By Benjamin Davis ’26
Written in 1953, Fahrenheit 451 is a deeply insightful novel, provoking the reader to think about one’s true purpose and finding a reason to live. Set in a future dystopian city, Ray Bradbury introduces the protagonist, Guy Montag, as a content, law-abiding citizen who experiences multiple consecutive events that cause him to ponder his existence. Montag is a fireman; an ironic term, as in this culture, firemen are government-hired mercenaries tasked with widespread suppression of unfiltered thought via the burning of books. Trisected, each chapter of Fahrenheit 451 explores Montag’s increasing awareness of the masqueraded horrors surrounding him.

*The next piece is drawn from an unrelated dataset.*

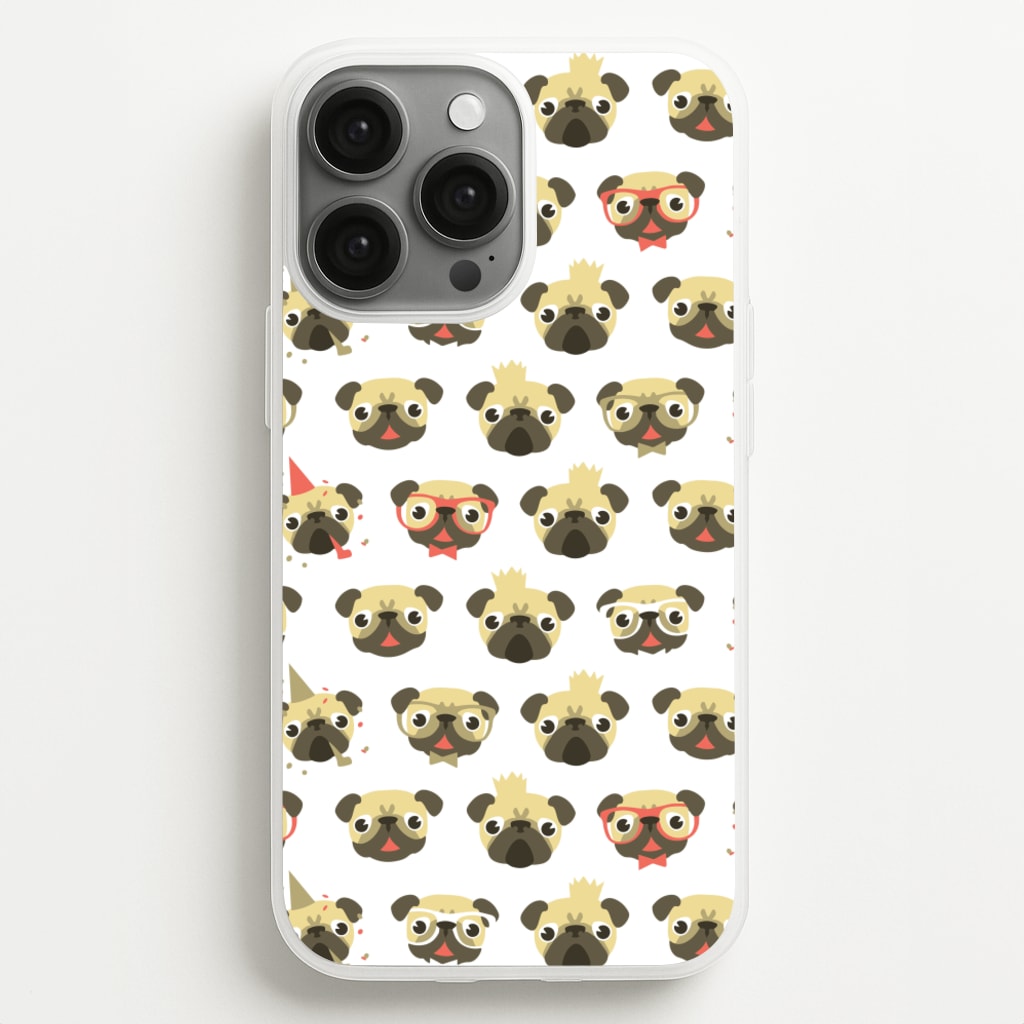 Pug Life - Pug Pattern - Phone Case for iPhone 13 Pro Max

Despite being released over half a century ago, Bradbury’s acclaimed opus remains critically pertinent today due to its relevance in our current political climate, where literature and free speech are heavily censored throughout the nation.
Soon after the story commences, a young woman named Clarisse moves into the house adjacent to Montag’s. Though initially presented as odd and eccentric, the newcomer has developed a connection with her worldly environment that most others cannot achieve. Upon seeing Clarisse’s euphoric clarity, a strength that punctures the suffocating totalitarian veil, Montag realizes that a life worth living requires one to be in touch with their surroundings – a contrast to the jaded, illusory nature of a society prioritizing television over all else. The fireman’s novel gaiety is short-lived; however, tragedy strikes, and heightening paranoia begins to affect him. As traumatizing affairs trigger a paradigm shift in the self-made pariah, Montag begins to steal the very books that he has been hired to destroy.

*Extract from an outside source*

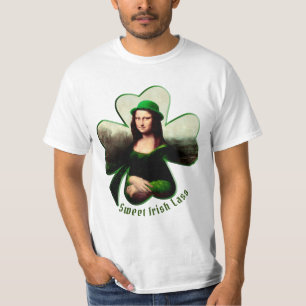Lucky Mona Lisa St. Patrick's Day T Shirt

While freedom of opinion and subsequent expression is a central American tenet, censorship is a ubiquitous fog that permeates every aspect of our civilization on either extreme of our political binary. Bradbury was inspired to write Fahrenheit 451 after the horrific burnings of countless volumes in Nazi Germany; but both Democrats and Republicans have their own more covert, subtle means of achieving the same result as Hitler’s radical regime. On the left, cancel culture is a controversial but effective method of ostracization that limits well-known figures from voicing their stances on many issues; on the right, numerous works have been banned from schools, causing students to miss out on important historical lessons and modern problems. Even though the United States is advertised as a country that prioritizes the people, the government has a surreptitious clamp on the public mentality.

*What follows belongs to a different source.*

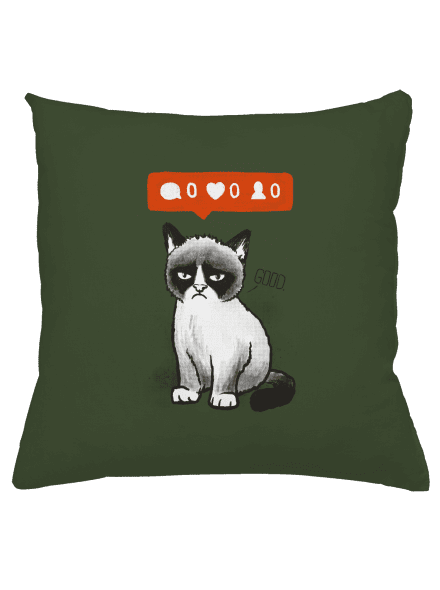 Grumpy párna Olive Green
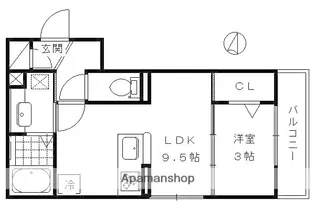 プランドールT【3階】の間取り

Regardless of its fictional status, Fahrenheit 451 speaks volumes about present reality, continuously misinformed and smothered behind the veneer of a first-world utopia. It cites the sheer merit of knowledge’s pursuit, and how an uneducated society is a numb society. As tech and industry evolve, the general need for learning is gradually diminished, and the uncannily applicable tale strongly warns against taking an unambitiously passive approach to life. Bradbury thought that a sense of connection with nature, of hereness, is the greatest value one can have. As he concludes Fahrenheit 451, he writes, “[Montag] stood breathing, and the more he breathed the land in, the more he was filled up with all the details of the land. He was not empty. There was more than enough here to fill him. There would always be more than enough.”